On a night in midsummer Charlie Krueger (left), the San Francisco 49ers' redoubtable defensive tackle, pressed his highball glass fondly to his cheek. He was theoretically on the wagon. For a man who enjoyed a good belt, it was a difficult time. Moreover, Krueger's appetite matched his thirst, and he wasn't supposed to eat either. There were 13 pounds of fat to be sweated off, and the exhibition season was approaching.
It was a senseless fix for a middle-aged man to be in, and Krueger, a gent close to 37, ought to have known better. That's what Krueger was thinking.
He had been at his trade for 14 seasons. Right then it seemed 14 centuries. Since the average life span of a pro is 4.6 years, Krueger figured he had spent the equivalent of three lives playing pro ball.
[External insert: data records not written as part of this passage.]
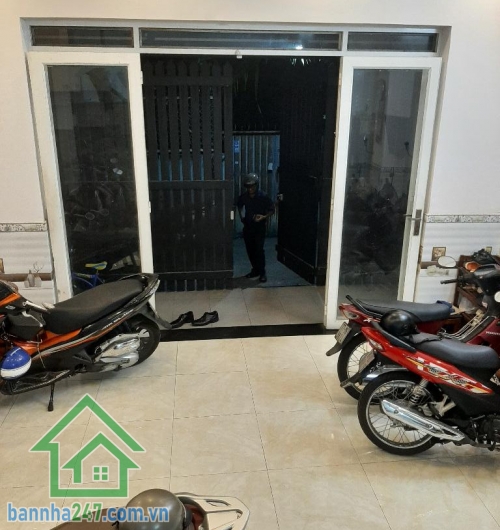 CHỈ 5,1 TỶ NHÀ TÂN BÌNH – CHỈ 5,1 TỶ – 50M² – 4 TẦNG – 4PN – HẺM AN NINH, 100M RA NGUYỄN PHÚC CHU * DT: 5 x 10m, sổ vuông vức. * Kết cấu: 1 trệt, 2 lầu, sân thượng.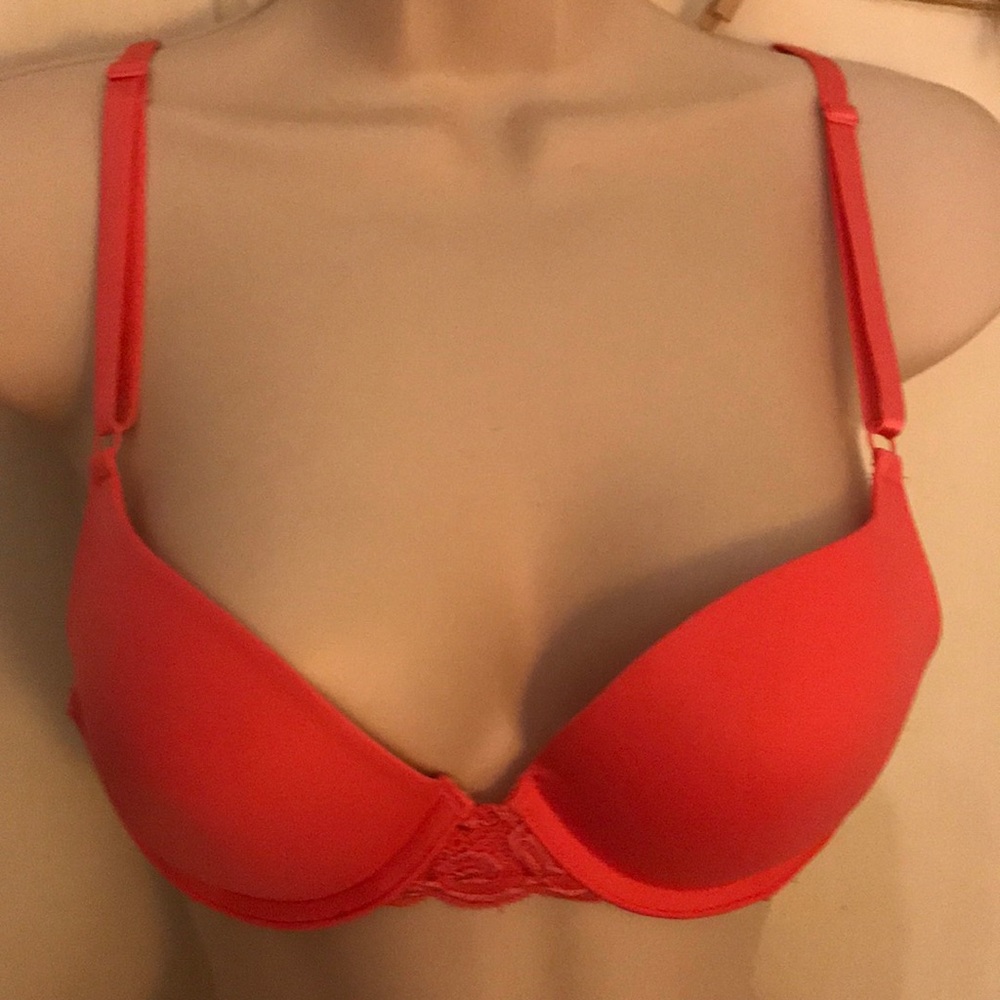 Brand New Coral and Lace Maiden-form Bra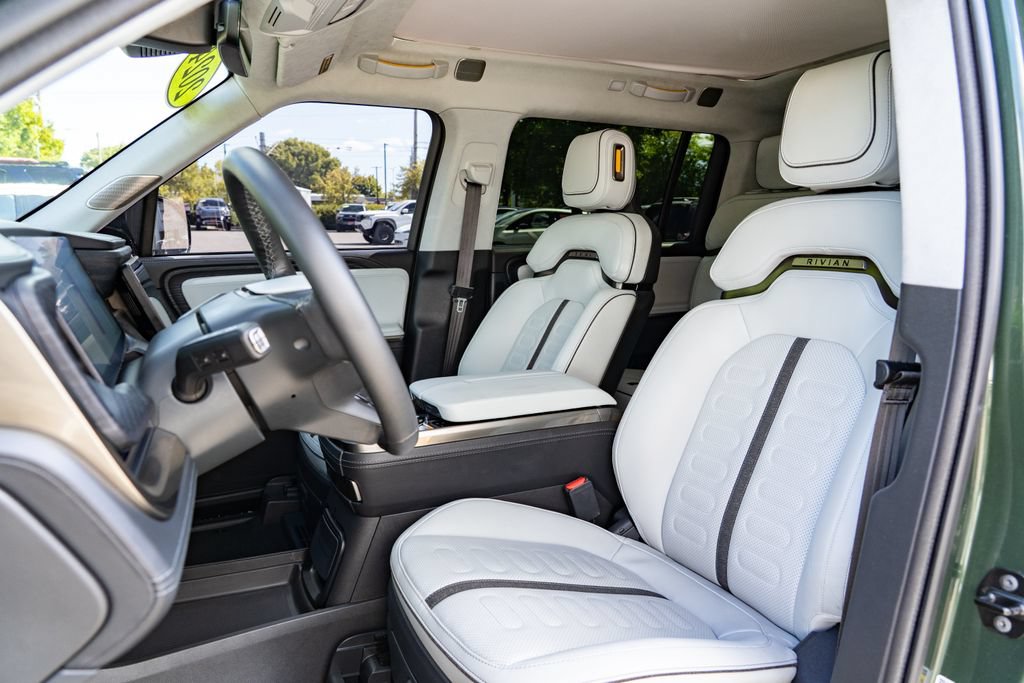 Used 2024 Rivian R1S Adventure AWD/4WD image 18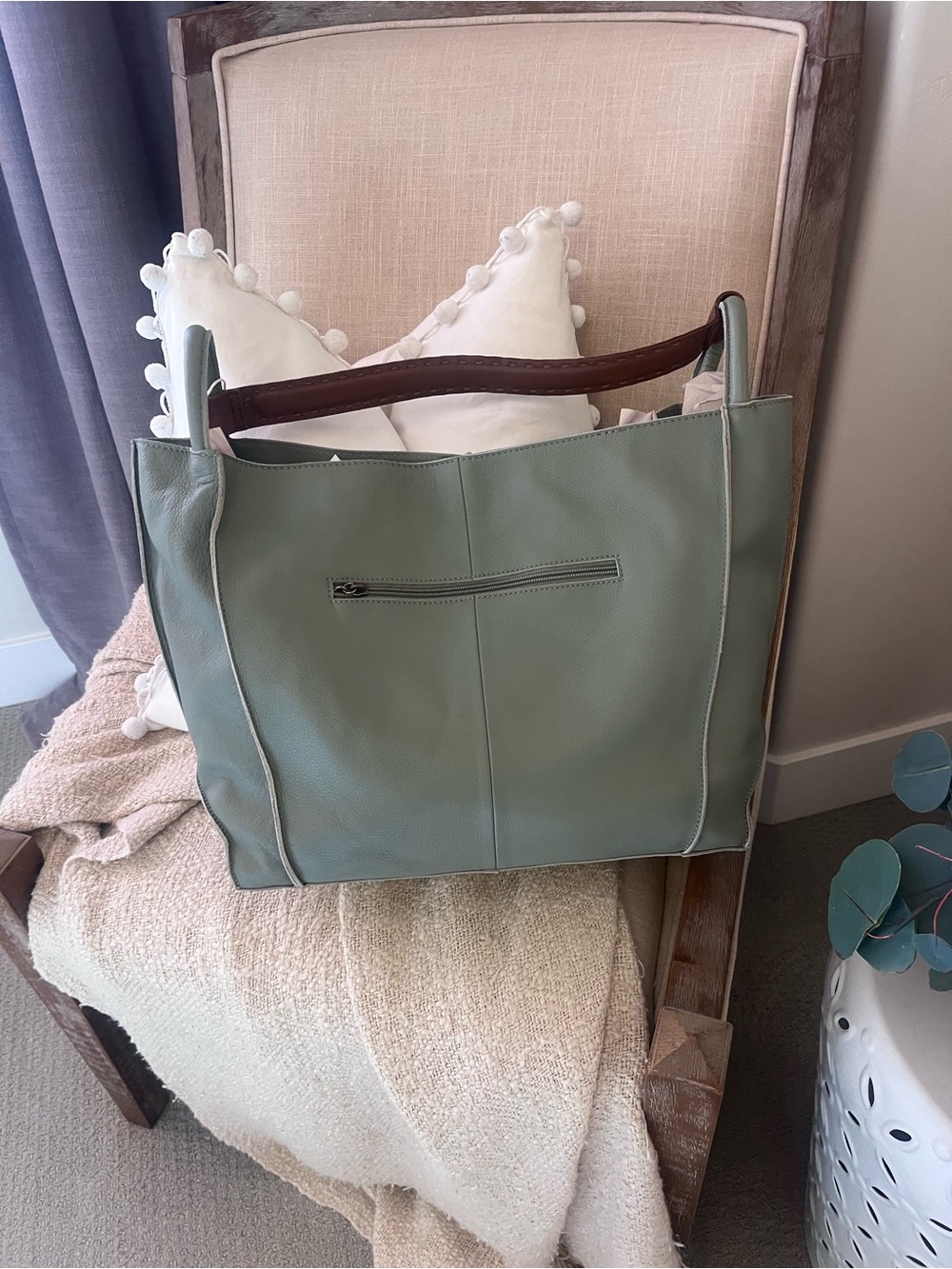 NEW With tags The Sak meadow Soft Leather Tote with Braided Tan Handle - Picture 7 of 9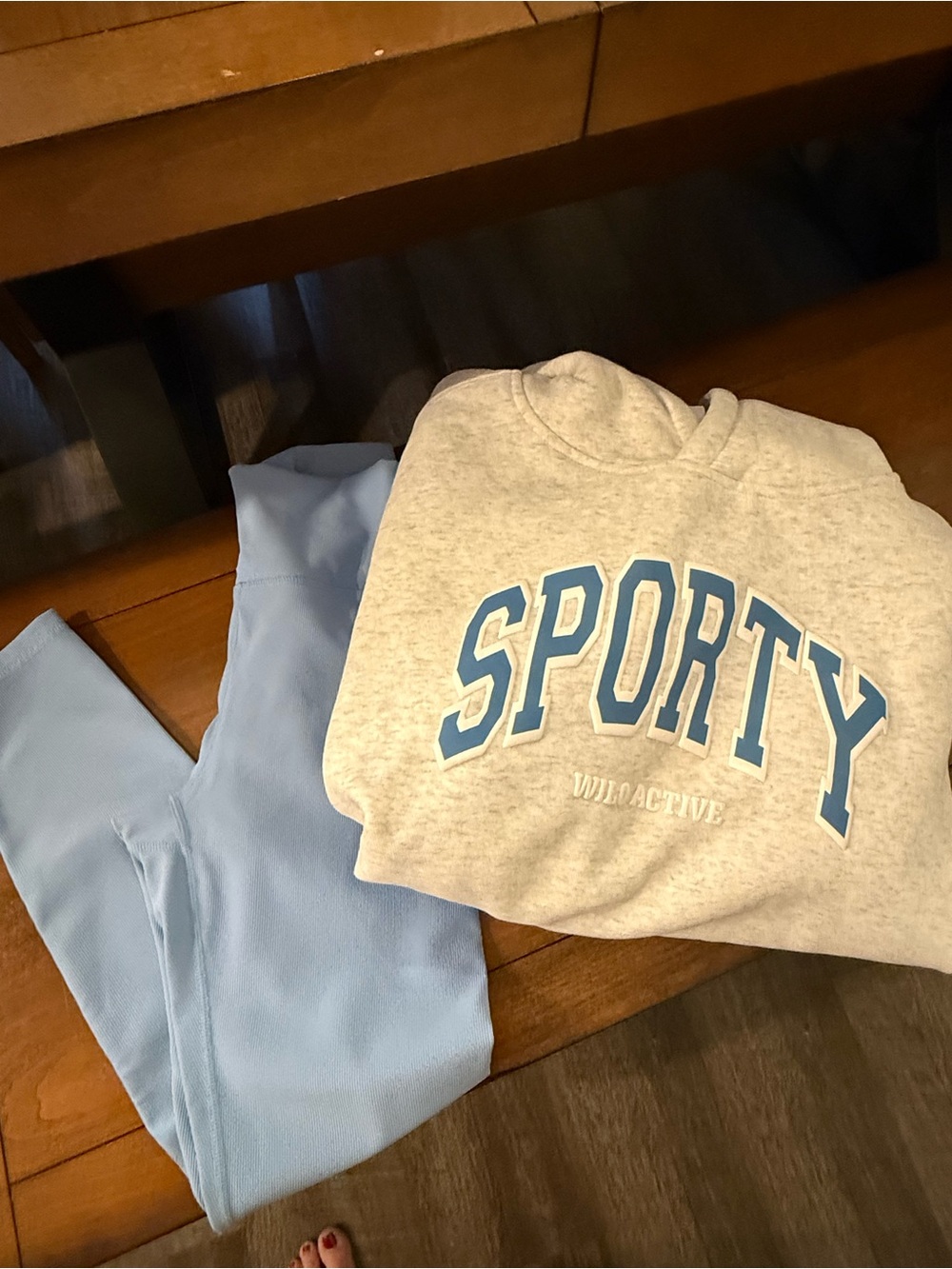 WILO Set Crewneck Sweatshirt in Light Gray with Blue Lettering and leggings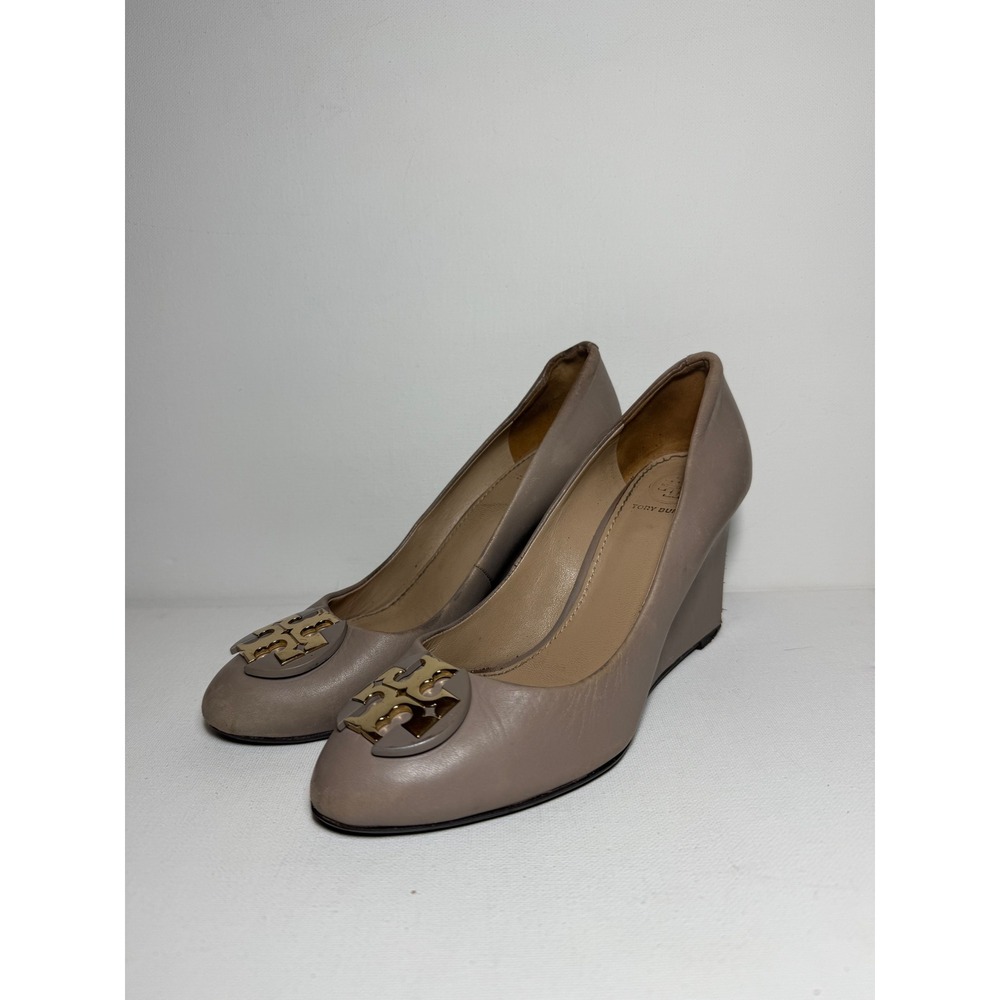 Tory Burch Luna Wedge Pumps French Grey/ Tan Leather Logo Medallion Heels Sz 6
A quarter of a million tackles later, he wondered if he had not had enough.
"In 1958 I came into the NFL and it was purely a game," Krueger said. "Fifteen years later, it is strictly a marketing enterprise. I'm a dinosaur who's survived the Ice Age only to discover I'm caught between hard rock and hot clothes."
"That's the athlete's curse—he is never ready to retire," says Krueger's former 49er teammate Howard (Butchee) Mudd, one of the finest guards of the '60s. Mudd knows the score. He was forced out of the game two years ago, physically incapacitated. "I had a knee that wouldn't work at all," he says. "But still I wasn't ready to give up football. One of our teammates, Dan Colchico, would have played at 50 if transplants and artificial limbs had allowed it.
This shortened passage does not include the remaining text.